I'll cover DVB-T2 in more detail in a future RF Technology column in TV Technology, but here are some of the major differences setting it apart from DVB-T.
DVB-T, in the current mode deployed in the United Kingdom, uses 64-QAM modulation with an FFT size (number of carriers) of 2 K to provide a capacity of 24.1 Mbps. DVB-T2 can use 256-QAM modulation with up to 32 K carriers to provide up to 35.9 Mbps bandwidth. Use of higher order modulation requires more powerful error correction. The UK DVB-T system uses 2/3 rate convolutional coding and 8 percent Reed-Solomon coding. DVB-T2 can use a 3/5-rate low-density parity check (LDPC) error correcting code along with 0.3 percent BCH coding. The pilot carrier structure is modified in DVB-T2 to drop the overhead for scattered pilots from 8 percent to 1 percent. The 16 K and 32 K OFDM modes available in DVB-T2 allow a maximum guard-interval of over 500 microseconds, making it ideal for large, nationwide single frequency networks without increasing the guard-interval overhead. The guard-interval is flexible, allowing more payload bandwidth when long guard intervals aren't needed.

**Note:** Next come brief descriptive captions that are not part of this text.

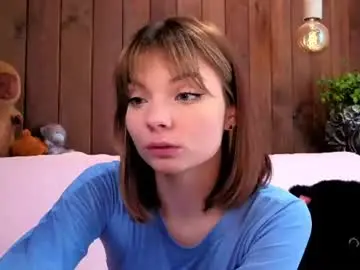 Tonitatooker  live sex cam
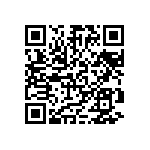 9T12062A2610DAHFT QRCode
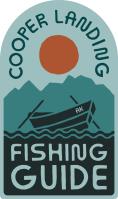 Cooper Landing Fishing Guide, LLC image 1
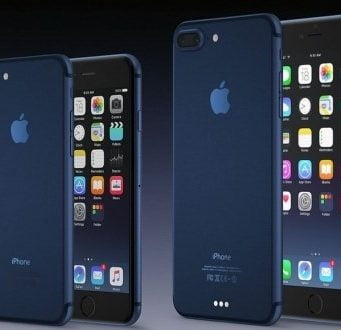 iPhone 7’de Sesli Klavye Bildirimleri Nasıl Kapatılır? (Resimli Anlatım)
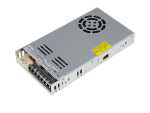Switching power supply - CR-10 SE/Ender-3 V3 SE/Ender-3 V3 KE/Ender-3
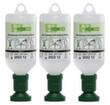 B-Safety Eye wash bottle BR 314 005, 3 x 500 ml Saline solution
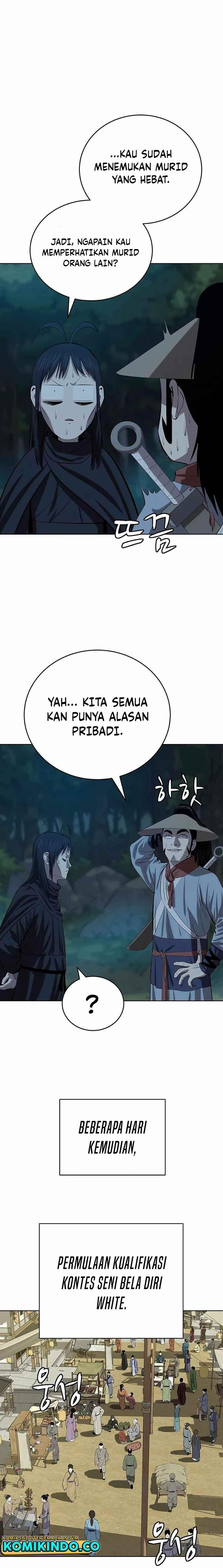 image-komik-weak-teacher-chapter-77-19/24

Connected TV posted an article by Barry Flynn entitled IBC 2008 Report: DVB-T2 could deliver up to 70 percent efficiency savings in SFN environment.
Connected TV asked Peter MacAvock, executive director of the DVB Project, if the ATSC/DVB "wars" were now over.

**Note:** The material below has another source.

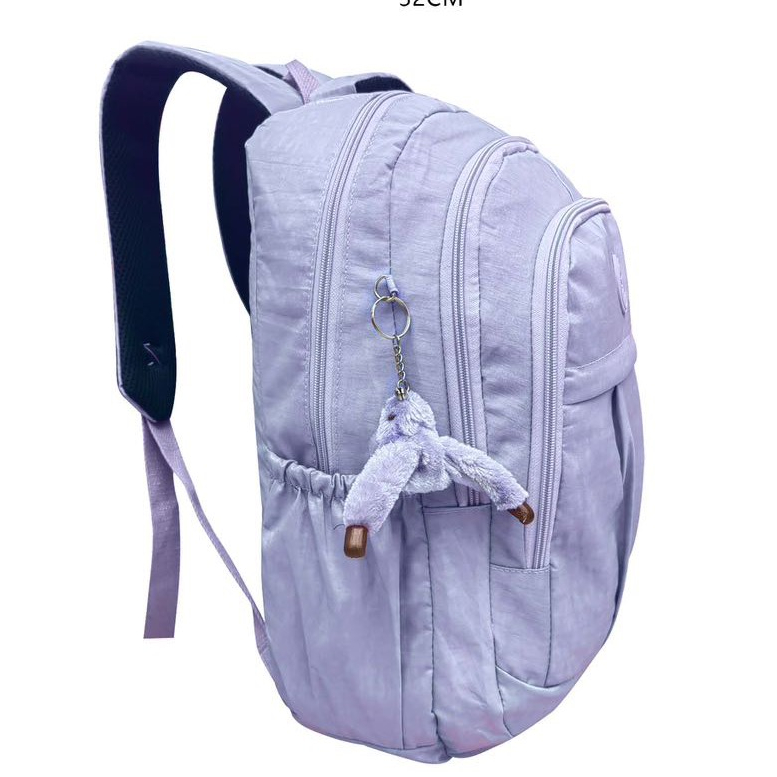 Dafiti mochilas online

MacAvock said the "wars" between the two standards would continue, noting there had been significant political pressure from the United States to prevent Colombia from choosing the DVB-T standard. He added that the relationship between the two sides was friendlier now.
None of the articles or papers I was able to find compared the signal-to-noise (SNR) performance of DVB-T with DVB-T2. The use of more complex modulation (256-QAM versus 64-QAM) alone would significantly degrade the SNR threshold. ATSC holds the advantage (about 5 dB) over DVB-T in SNR performance at 19.39 Mbps, but the more powerful error correction coding in DVB-T2 and some other tricks I haven't described should offset, to some extent, the use of 256-QAM. The large guard interval makes it easier to use single frequency networks to improve SNR in urban areas for indoor/portable reception. Compare the power ratings for transmitters supporting DVB-T and ATSC and you'll see that the same transmitter can put out more power with ATSC than DVB-T. This is due to the high peak-to-average power ratio of DVB-T. DVB-T2 uses techniques to reduce the peak-to-average ratio, allowing more transmitter power and providing another way to offset the deterioration in SNR threshold at higher data rates.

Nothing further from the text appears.